A Special Place

In the Woods

Lily Ponds

National Park


A Special Place


Nestling peacefully in the woods of Cheriton Bottom, Wood Cottage is an all year round haven for any one with an interest in nature, wildlife or archaeology. Adjoining these extensive woods is a 202 hectacre National Nature Reserve and a Site of Special Scientific Interest, jointly managed with the Countryside Council for Wales and the National Trust.

This is an exceptionally biologically rich area containing a wealth of important habitats, species and rare wildlife. The entire area is also designated as an Area of Special Conservation and protected by International Law.


Lying at the heart of the nature reserve, between Broad Haven and Barafundle is Stackpole Warren, an area of coastal grassland and sand dunes that commands considerable archaeological interest. The landscape contains remains of Bronze and Iron Age life dating back at least 3,000 years. Stackpole Warren is on the Register of Landscapes of Special Historic Interest in Wales.
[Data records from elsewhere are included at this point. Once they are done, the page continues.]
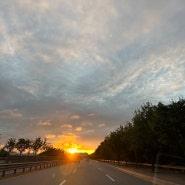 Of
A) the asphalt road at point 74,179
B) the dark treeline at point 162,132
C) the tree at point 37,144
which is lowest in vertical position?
the asphalt road at point 74,179

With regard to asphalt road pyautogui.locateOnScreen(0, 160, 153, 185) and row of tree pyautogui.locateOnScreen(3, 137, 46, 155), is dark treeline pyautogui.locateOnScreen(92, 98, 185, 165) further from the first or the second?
row of tree pyautogui.locateOnScreen(3, 137, 46, 155)

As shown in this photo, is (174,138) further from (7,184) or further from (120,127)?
(120,127)

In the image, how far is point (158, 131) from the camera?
33.7m

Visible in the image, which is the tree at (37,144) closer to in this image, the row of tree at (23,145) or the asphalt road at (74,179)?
the row of tree at (23,145)

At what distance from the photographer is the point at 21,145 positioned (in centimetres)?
17088

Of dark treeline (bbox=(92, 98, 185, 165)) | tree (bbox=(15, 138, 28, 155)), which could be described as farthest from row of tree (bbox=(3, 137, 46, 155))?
dark treeline (bbox=(92, 98, 185, 165))

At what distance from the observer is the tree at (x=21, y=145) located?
170 metres

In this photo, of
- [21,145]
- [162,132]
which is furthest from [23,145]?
[162,132]

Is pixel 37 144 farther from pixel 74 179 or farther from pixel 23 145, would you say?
pixel 74 179

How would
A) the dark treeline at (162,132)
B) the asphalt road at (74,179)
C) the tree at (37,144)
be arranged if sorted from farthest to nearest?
the tree at (37,144), the dark treeline at (162,132), the asphalt road at (74,179)

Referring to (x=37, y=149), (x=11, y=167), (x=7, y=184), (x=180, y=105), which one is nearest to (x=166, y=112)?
(x=180, y=105)

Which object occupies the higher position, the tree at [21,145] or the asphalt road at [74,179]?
the tree at [21,145]

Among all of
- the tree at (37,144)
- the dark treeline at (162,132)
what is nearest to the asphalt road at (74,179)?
the dark treeline at (162,132)

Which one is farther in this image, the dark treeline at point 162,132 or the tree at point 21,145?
the tree at point 21,145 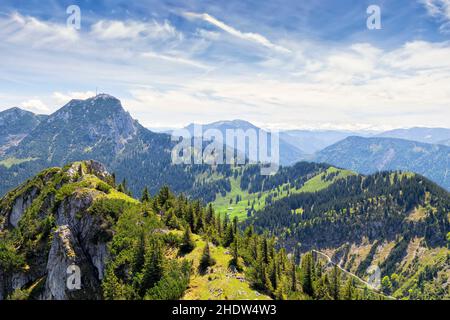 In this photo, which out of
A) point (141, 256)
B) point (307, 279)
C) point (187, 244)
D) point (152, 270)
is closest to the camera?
point (152, 270)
Few all season holiday destinations in Europe embrace this rare variety of habitats and wildlife in such a relatively small area. From the woods of Cheriton Bottom and the shallow freshwater Bosherston lakes to the magnificent limestone cliffs and towering headlands of the National Park coastal path, the air is filled with the buzz of insects, the sound of birds and the sight of wild flowers and fauna.




















Images © Richard Crossen


In brief... • 18 miles of trails to guide you through the interconnecting woods, lakes, cliffs and beaches• 202 hectare National Nature Reserve• Roaming Otters• Rare Lichen including Fulgensia fulgens (scrambled egg lichen) 22 species of Dragon Fly• Special Protection Area for Chough 



In the Woods


The woods are home to squirrels, foxes and badgers and an array of bird life which are all frequent visitors to the cottage gardens. You may even be lucky to see an Otter. They have been sighted in the grounds and use the stream, which runs through the garden, as a thoroughfare, from their home in the reed beds and marshes of Caroline Grove a little over half a mile away.
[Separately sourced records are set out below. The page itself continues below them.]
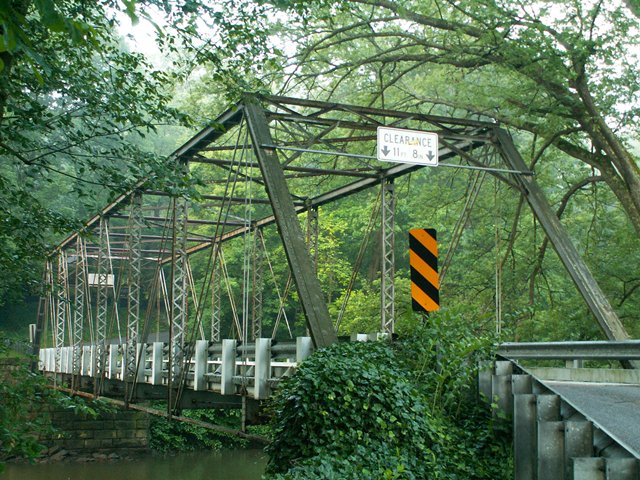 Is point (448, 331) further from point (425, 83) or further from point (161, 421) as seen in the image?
point (161, 421)

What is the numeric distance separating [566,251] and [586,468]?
721 cm

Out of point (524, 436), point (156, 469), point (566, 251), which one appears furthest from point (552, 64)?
point (156, 469)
Look and listen out for some of the following most prevalent birds and mammals, depending on the time of year:


Tawny Owl

A lasting nightime memory of Wood Cottage will be the soothing sound of ‘tu-whit- tu-whoo’, as the male and female owls talk to each other under the star lit night sky. There is a healthy population of the Tawny Owl at Wood Cottage and their calls echo through the wooded valleys surrounding the cottage after dark. Normally these nocturnal birds will lay three or four eggs in a nest in a hole in a tree. Their babies are called owlets and are grey downy creatures with big round faces and dark eyes like their parents. Adults develop a rich chestnut brown and buff mottling and feed on mice, rabbit and worm. Tawny owls are darker and slightly larger than Barn owls.


Noctule Bat

Appearing in the sky above the garden at sunset, this is a vulnerable, but the most common specie in Britain. It has a distinctive powerful and straight flight on narrow pointed wings. They fly in the open, often well above treetop level with repeated steep dives when chasing insects at up to 50 kph (30mph). They forage mainly at dusk for up to 2 hours and for about half an hour at dawn. They are selective about their tree hole roosts, preferring large uncluttered woodpecker holes high up in trees in less dense areas of woodland close to the woodland edge.
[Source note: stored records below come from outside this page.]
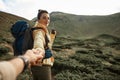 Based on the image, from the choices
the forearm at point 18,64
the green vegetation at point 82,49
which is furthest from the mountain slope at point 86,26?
the forearm at point 18,64

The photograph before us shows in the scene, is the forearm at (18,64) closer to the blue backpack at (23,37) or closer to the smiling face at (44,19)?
the blue backpack at (23,37)

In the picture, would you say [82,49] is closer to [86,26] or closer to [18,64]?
[18,64]

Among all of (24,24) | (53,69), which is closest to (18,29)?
(24,24)

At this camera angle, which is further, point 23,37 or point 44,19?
point 44,19

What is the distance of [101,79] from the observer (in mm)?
15211

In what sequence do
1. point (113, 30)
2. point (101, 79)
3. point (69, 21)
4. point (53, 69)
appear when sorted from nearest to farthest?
point (101, 79)
point (53, 69)
point (113, 30)
point (69, 21)

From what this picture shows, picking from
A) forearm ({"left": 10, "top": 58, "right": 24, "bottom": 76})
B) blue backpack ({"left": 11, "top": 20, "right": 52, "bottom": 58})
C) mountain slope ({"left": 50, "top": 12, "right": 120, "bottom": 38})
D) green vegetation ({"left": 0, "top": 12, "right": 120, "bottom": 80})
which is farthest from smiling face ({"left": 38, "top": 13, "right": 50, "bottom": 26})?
mountain slope ({"left": 50, "top": 12, "right": 120, "bottom": 38})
Robin - A cheery little bird found all year round in Wales, who loves plenty of undergrowth and is great company on walks through the Stackpole Estate. They will entertain you in the garden by their singing, hopping around and ready acceptance of food from the large patio bird table. Many live for just one year, although their numbers do appear to increase throughout the winter in Stackpole.


Great Tit

The largest of the tit family and a very common visitor to the cottage. They are resident throughout the year, and you will generally see them with other members of the tit family. Great Tits roost in holes and trees and most of their food takes the form of grubs and insects that live in trees, bushes and hedgerows.


Blue Tit

An all year round resident of the garden and woods, the Blue Tit is less timid than many other garden birds, and the first to arrive at any new feeder in the garden. They are often found in company with the Great Tit.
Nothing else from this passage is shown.